In the 8 years I’ve been doing residential real estate in St. Pete, Florida I’ve seen buyers enjoy interest rates mostly between about 3-4% on 30 year loans. When I first started around 2014, homes were still cheap and interest rates were low as well. There really wasn’t a huge demand to live in St. Pete at that time so anyone that locked down a house in this time period benefited greatly. 

Caddys on the beach!!!!

I met a spectrum of people with different opinions on where this housing market was heading.

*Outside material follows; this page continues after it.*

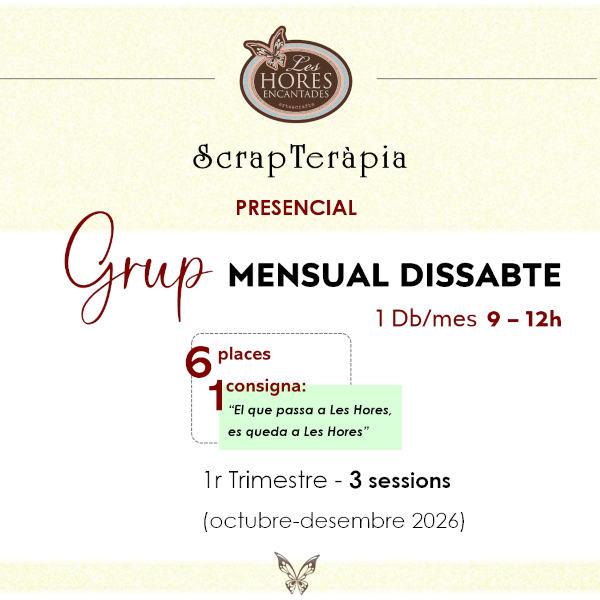 Grup mensual ScrapTeràpia 1 DISSABTE/mes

Some people in 2015 were cautious and thought the market would come back down. They had recognized the pattern of the cyclical market that was typical in Florida and assumed that this would continue. They thought we may be at the top of the market and it was about to come back down. They didn’t take the risk and unfortunately lost out tremendously. 

I remember I also met a successful real estate investor who told me something along the lines of “you can’t go wrong buying any property in this area”.  I imagine he’s probably even more successful now because he had the foresight to know that property values would 2-3x over the next 5-7 years. 

With that said we’re at a different point in time now. Prices are still high and demand has accelerated the past couple of years due to Le Covid. Where will prices go?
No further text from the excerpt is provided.